|Trend No. 1: Microapartments are the tiny homes of cities
Everyone knows space doesn’t come cheap in the country’s most expensive cities. (We’re looking at you, San Francisco and New York.) Hence the spread of microapartments—fully appointed living spaces encompassing a measly 250 to 365 square feet.
The apartments are tinier than tiny houses—measuring a quarter to a third the size of the median apartment in a newly completed building with five or more units in 2013, according to the U.S. Census Bureau.
More and more of these miniature dwellings are cropping up in big cities like New York, Seattle, and Los Angeles. They’re even spreading to smaller metros like Providence, RI.
What they lack in size, microapartments make up for in lower costs—usually. They typically run renters about 15% less than studio units in the same neighborhoods. But residents may wind up paying a little extra for the luxe amenities that many come with, like convertible furniture, free Wi-Fi, weekly housekeeping service, and sometimes even communal activities (whitewater rafting trips! happy hours!).
Trend No. 2: Co-living is coming to a city near you
The days of finding roommates on Craigslist and then praying for the best may be numbered. Co-living, a movement in which young professionals have their next housemates/BFFs carefully screened and live together in upscale, highly planned (would-be) harmony, is making its impact felt in major metros across the U.S.
The real draw for these “Real World”-esque quarters is the communal environment, where residents pay a little extra to mix and mingle with one another at Sunday artisanal potluck dinners, weekend art workshops, or various common spaces in the building. Other perks include shorter leases (some only three or six months) as well as housekeeping services to minimize disputes.

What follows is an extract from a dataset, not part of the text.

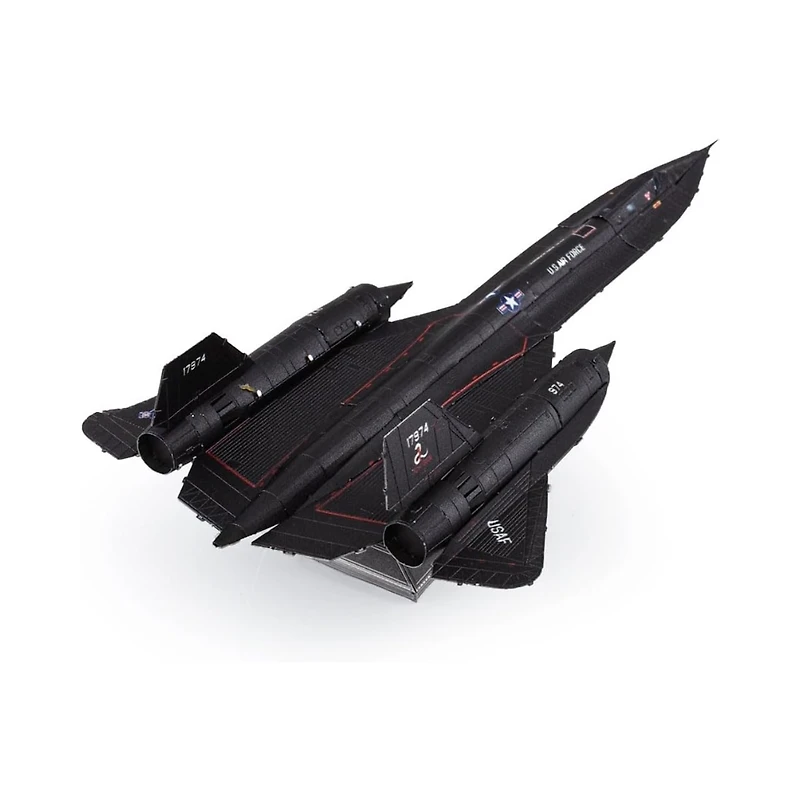 LOCKHEED SR71 BLACKBIRD METAL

The spaces have been opening first in hipster-filled urban areas such as Brooklyn, NY; San Francisco; and Washington, DC. But they are also moving to smaller metros like Chattanooga, TN.
“It’s a neat, innovative market response to the higher cost of renting,” Susan Wachter, a real estate and finance professor at the Wharton School at the University of Pennsylvania, told realtor.com.
Trend No. 3: The hottest tiny houses are school buses
School bus loft
It’s a loft on wheels. And just look at that view! Don’t worry about the seat belts.
The tiny-house craze isn’t exactly new. With a half-dozen or so reality TV shows and a devoted following, the trend of downsizing into just a few hundred square feet is familiar to just about everyone. But why move into a tiny house when you could live in a school bus instead?
Trend No. 4: Housing prices are out of control, so why not live in a yurt?
With rents and home prices zooming ever higher, affordable housing seems like a fantasy. That’s where yurts come in.
These circular homes, which have sheltered Mongolian nomads for thousands of years, can cost quite a bit less than more traditional homes. (A roughly 700-square-foot model with a wooden frame and vinyl walls could go for around $20,000. That doesn’t include the foundation and utilities hookups.)
That’s a prime reason why over the past few years, sales of the structures have grown by about 10% annually at the Colorado Yurt Co., Ivy Fife, the company’s marketing manager, told realtor.com.
“We’ve seen quite a few retirees buy a piece of ground and put a yurt on it and get out of debt and have a little bit more freedom,” she said.